Lightweight and infinitely recyclable, aluminium is found in everything from jet engines to electric vehicles to mobile phones. It is the most abundant metal in the Earth’s crust, and one of the world’s fastest growing major metals.
But we are only scratching the surface of the opportunities for aluminium to be a part of our everyday lives. For example, analysts predict the use of aluminium in lightweight cars and trucks in North America will increase by about 30% – from 177 kilograms per vehicle in 2015 to 227 kilograms in 2025. According to the Aluminium Stewardship Initiative (ASI), for every 10% reduction in the weight of a vehicle, fuel economy increases by about 7%. Over its lifetime, every kilogram of aluminium that replaces heavier materials in a car or light truck can save a net 20 kilograms of carbon dioxide emissions.
Aluminium is made from bauxite, or aluminium ore. Bauxite is the basic raw material that is refined into alumina, which in turn is sent to smelters for processing into aluminium.
First discovered near Les Beaux in the South of France in 1821, bauxite was initially called “beauxite”. In 1886, Charles Martin Hall and Paul Héroult independently developed a process for making aluminium from alumina. And in 1887, Austrian scientist Karl Josef Bayer patented his self-titled process for extracting alumina from bauxite. Today, the Bayer process and the Hall-Héroult process are still combined to process bauxite ore into alumina, and then convert it into aluminium.
We are a global leader in aluminium, with large-scale, high-quality bauxite mines and alumina refineries and, in Canada, technologically advanced smelters operating in the first decile of the industry cost curve and run on 100% clean hydropower.
We produce some of the highest quality, lowest-carbon footprint aluminium in the world: across our global aluminium operations, our greenhouse gas footprint is 60% lower than the global industry average. Through ELYSIS, our joint venture with Alcoa, supported by Apple and the governments of Canada and Quebec, we are helping to further develop a breakthrough aluminium smelting technology with no direct greenhouse gas emissions.
In 2018, we became the first company to receive certification from the ASI as producing “responsible” aluminium in Canada. Also in 2018, Nespresso announced that they would be using Rio Tinto’s certified aluminium for their coffee pods.
Our diverse alloys are designed to meet customer needs.

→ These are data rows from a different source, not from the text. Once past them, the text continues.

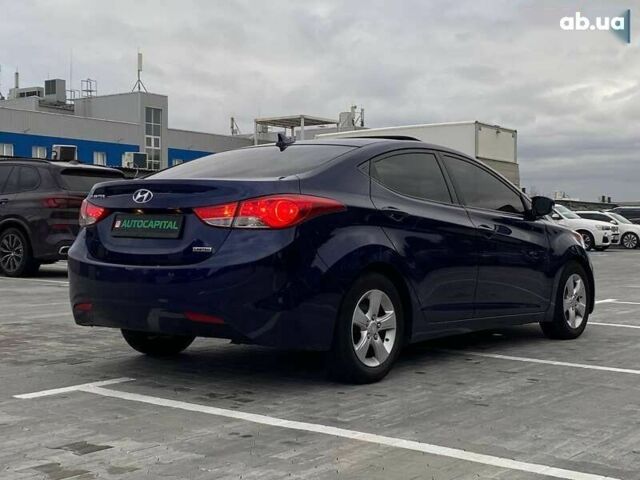 Хендай Елантра, об'ємом двигуна 1.8 л та пробігом 215 тис. км за 8690 $, фото 9 на Automoto.ua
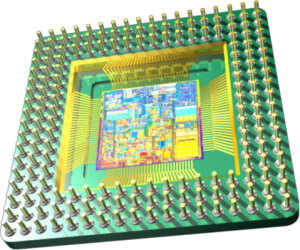 microprocessor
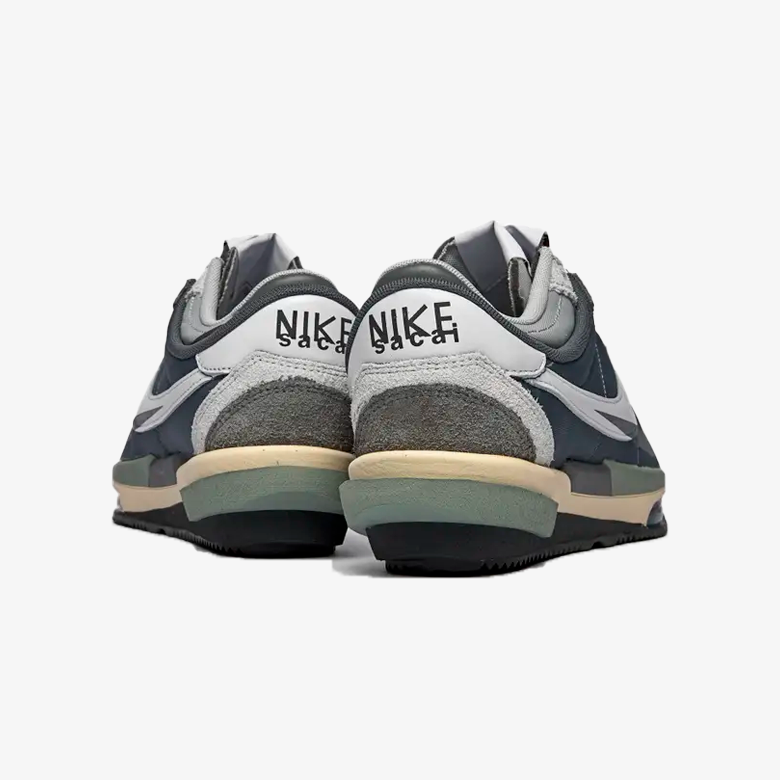 Nike Zoom Cortez SP Sacai Iron Grey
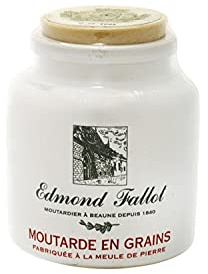 Senape Meaux 500 gr. - Edmond Fallot
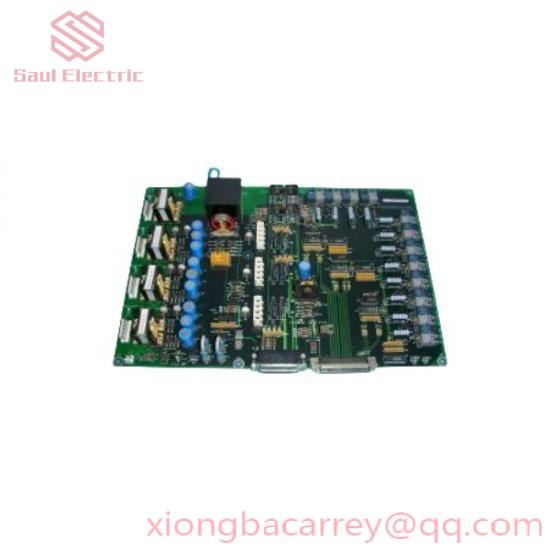 GE R2X4N1C0A2T0A Industrial Control Module, High Performance & Reliability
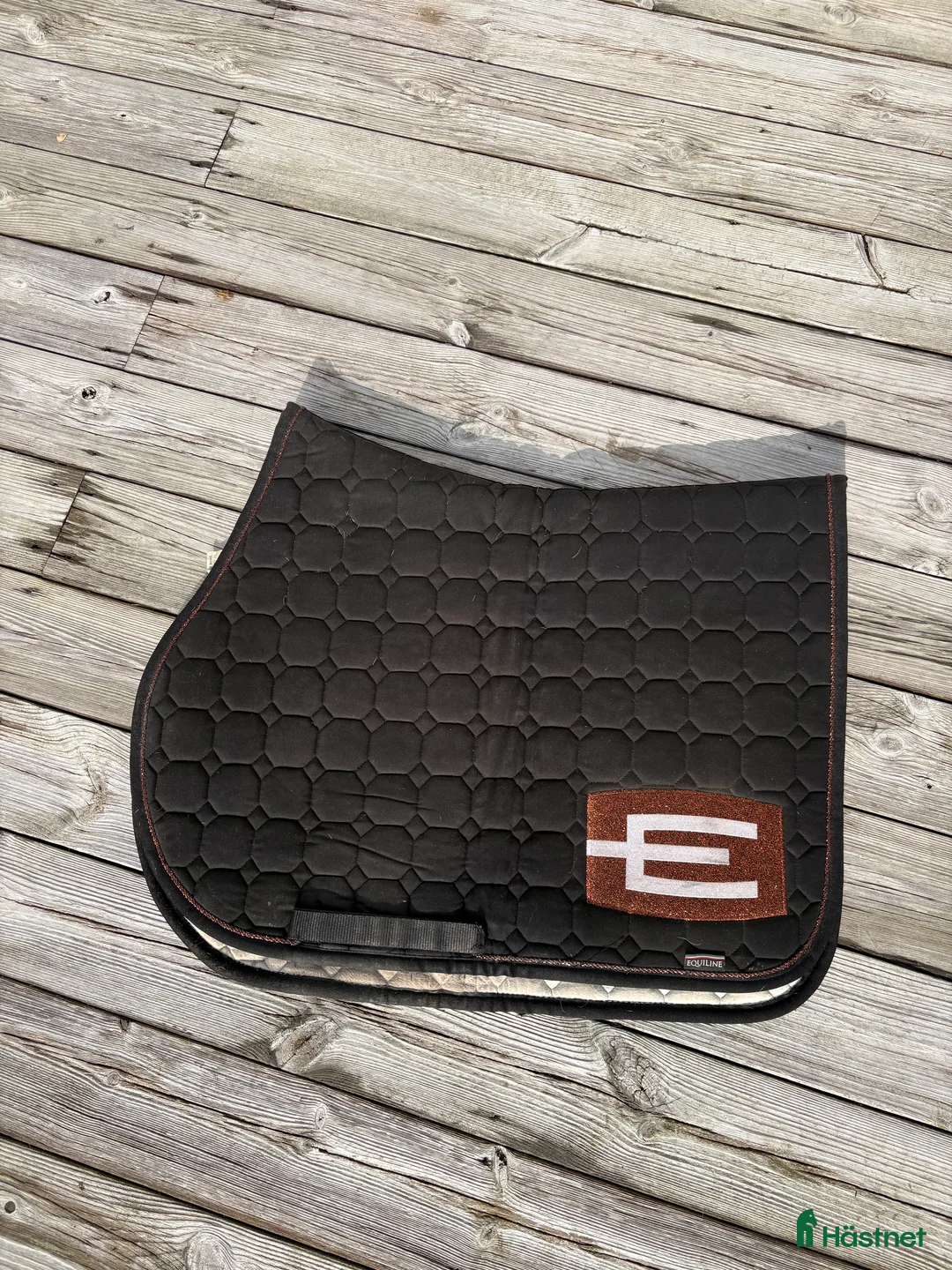 Schabrak & Vojlockar hästutrustning till salu: Equiline schabrak - Annons 2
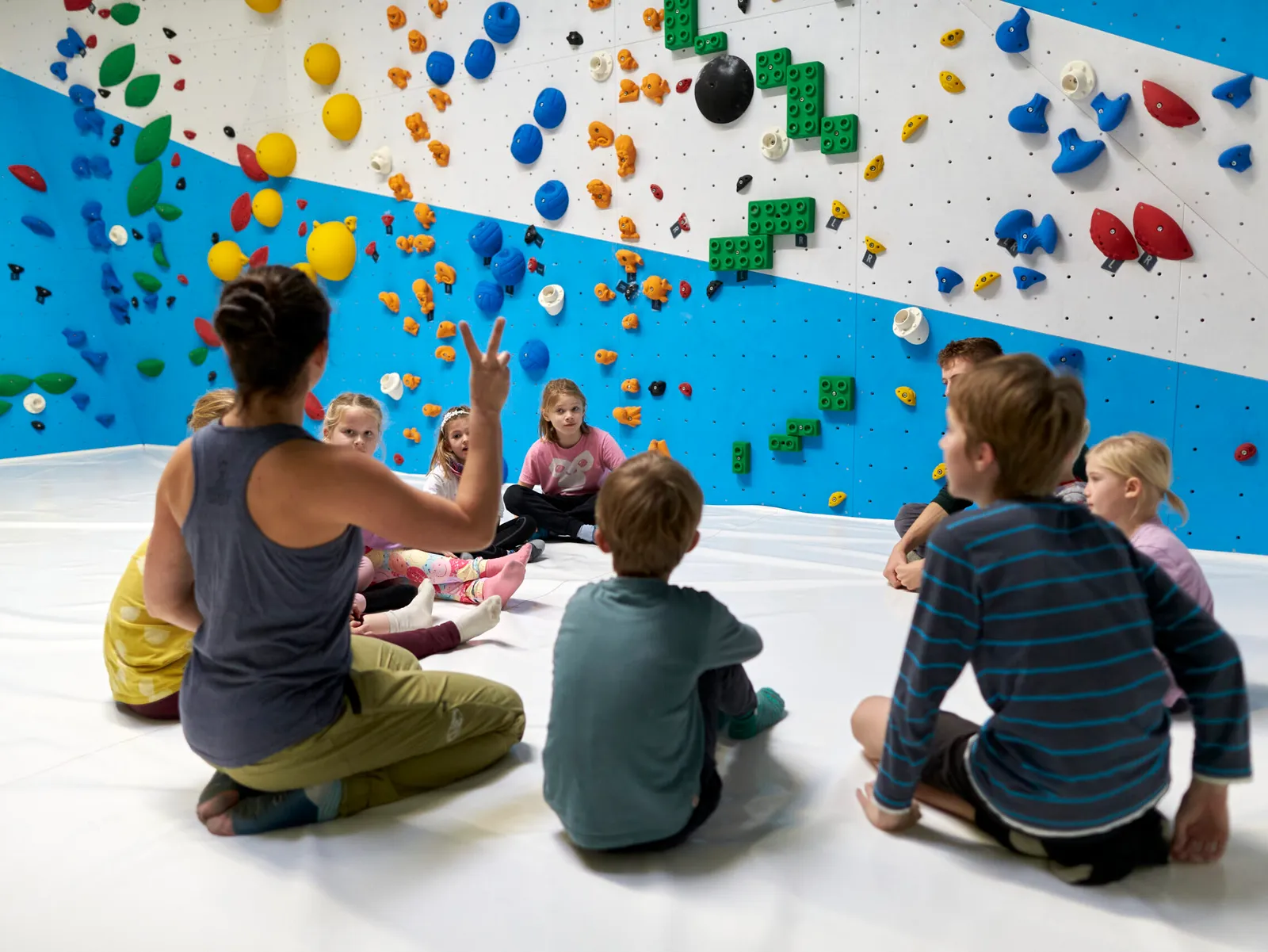 MONKEYSPOT Mönchengladbach — bouldering-studio i Mönchengladbach — 5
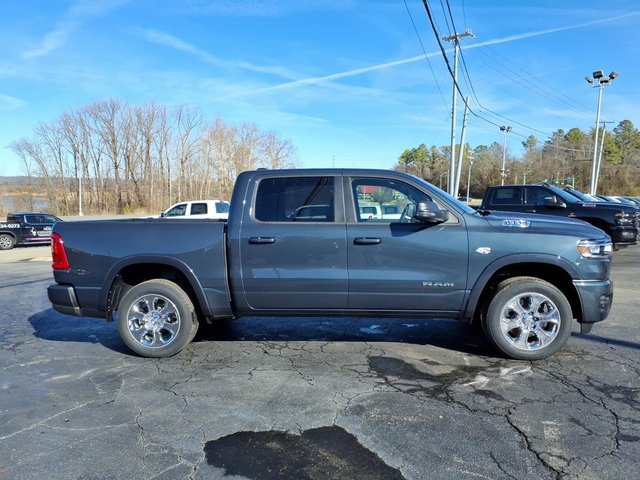 New 2026 RAM 1500 Big Horn AWD/4WD image 2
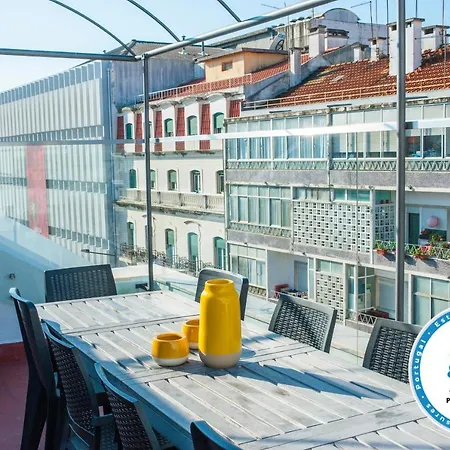 Angel's Duplex Terrace Five Bedrooms Апартаменты *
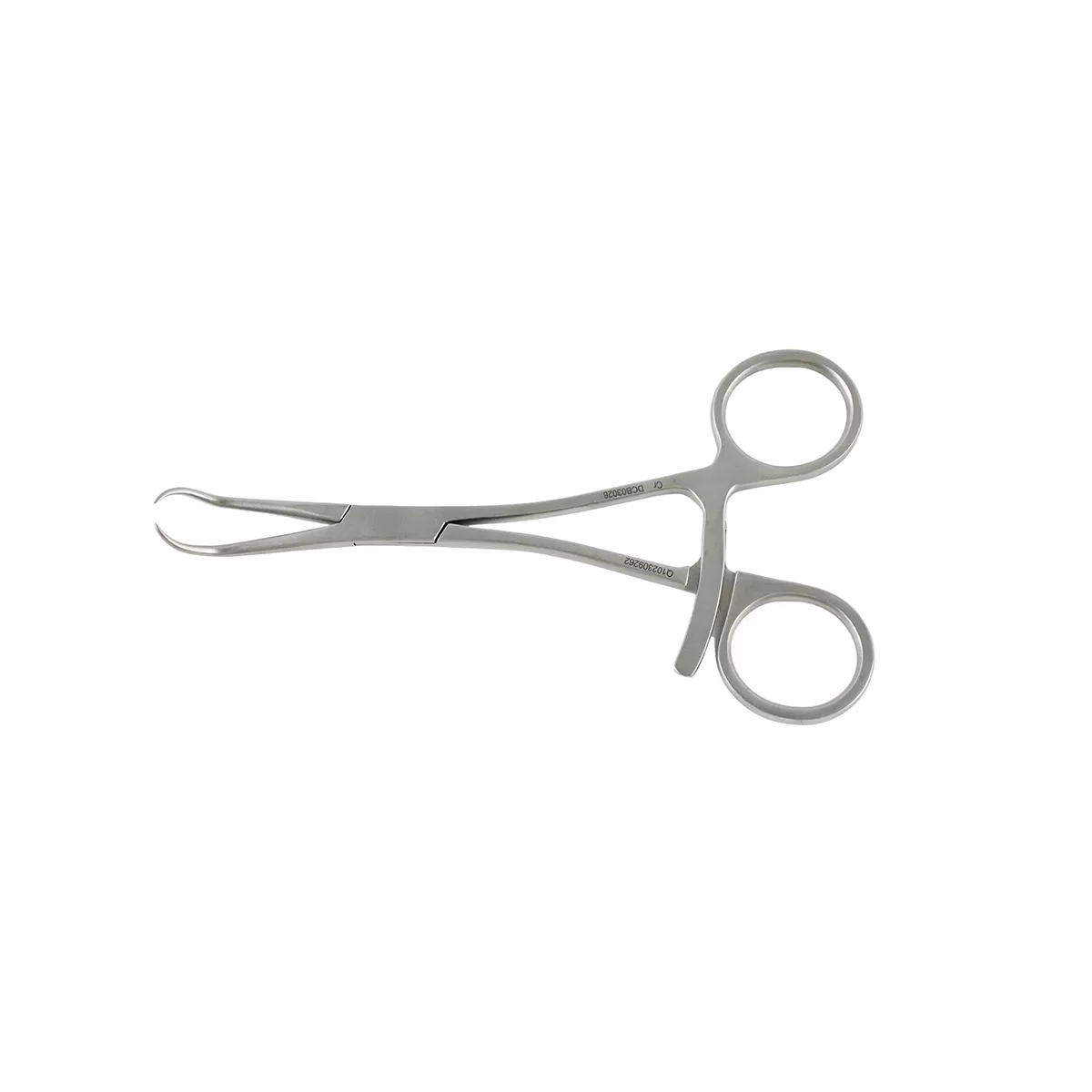 Pointed reduction forceps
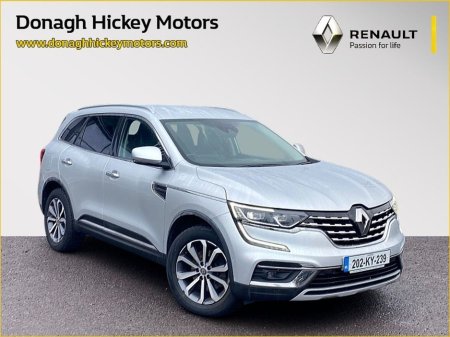 2020 Renault Koleos 1.7dCi 150 Auto X-Tronic 2WD Iconic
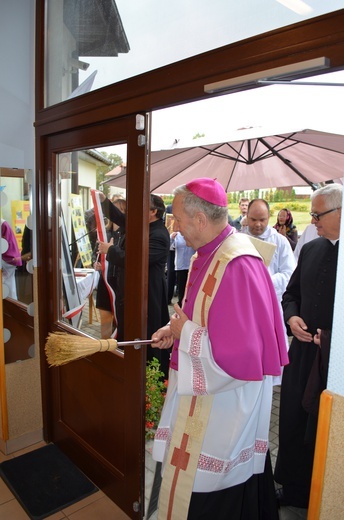 ŚDS w Radwanowicach otrzymał imię kard. Macharskiego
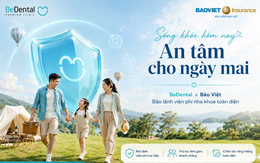 BeDental hợp tác Bảo hiểm Bảo Việt: Khách hàng được bảo lãnh viện phí nha khoa 100%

In 2019, we launched Revolution-Al™, a new aluminium alloy developed to make lighter car wheels, which can help to make cars safer and more appealing to end consumers with reduced CO2 emissions.
We are also reducing the volume of waste we produce and creating new value for our business, such as supplying anhydrite, a by-product from our Vaudreuil alumina refinery in Canada, to be a fertiliser to our neighbouring blueberry growers.
A First in Responsible Aluminium
We are now offering Aluminium Stewardship Initiative (ASI) certified aluminium from all of our Canadian operations, through a ‘chain of custody’ spanning Rio Tinto’s Gove bauxite mine in Australia to its alumina refinery, aluminium smelters and casthouses in Quebec and British Columbia, Canada.
The ASI aims to create sustainability and transparency throughout the aluminium industry. It has developed the world’s first global Responsible Aluminium Standard, used to assess environmental, social and governance practices across the aluminium supply chain for responsible sourcing. This is the highest internationally recognised standard for robust environmental, social and governance practices across the life cycle of aluminium production, use and recycling.
Emissions-Free Aluminium Through ELYSIS
In 2018, we launched ELYSIS, a partnership with Alcoa, supported by Apple and the governments of Canada and Québec. ELYSIS is further developing breakthrough technology that eliminates direct greenhouse gas emissions from the aluminium smelting process, replacing them with pure, clean oxygen. In Canada alone, if this technology were to be used at every smelter in the country, it could eliminate the equivalent of 6.5 million metric tonnes of greenhouse gas emissions – roughly equivalent to taking nearly 1.8 million cars off the road. ELYSIS will work towards bringing this technology to the market at its Research and Development Centre, located within Rio Tinto’s Complexe Jonquière.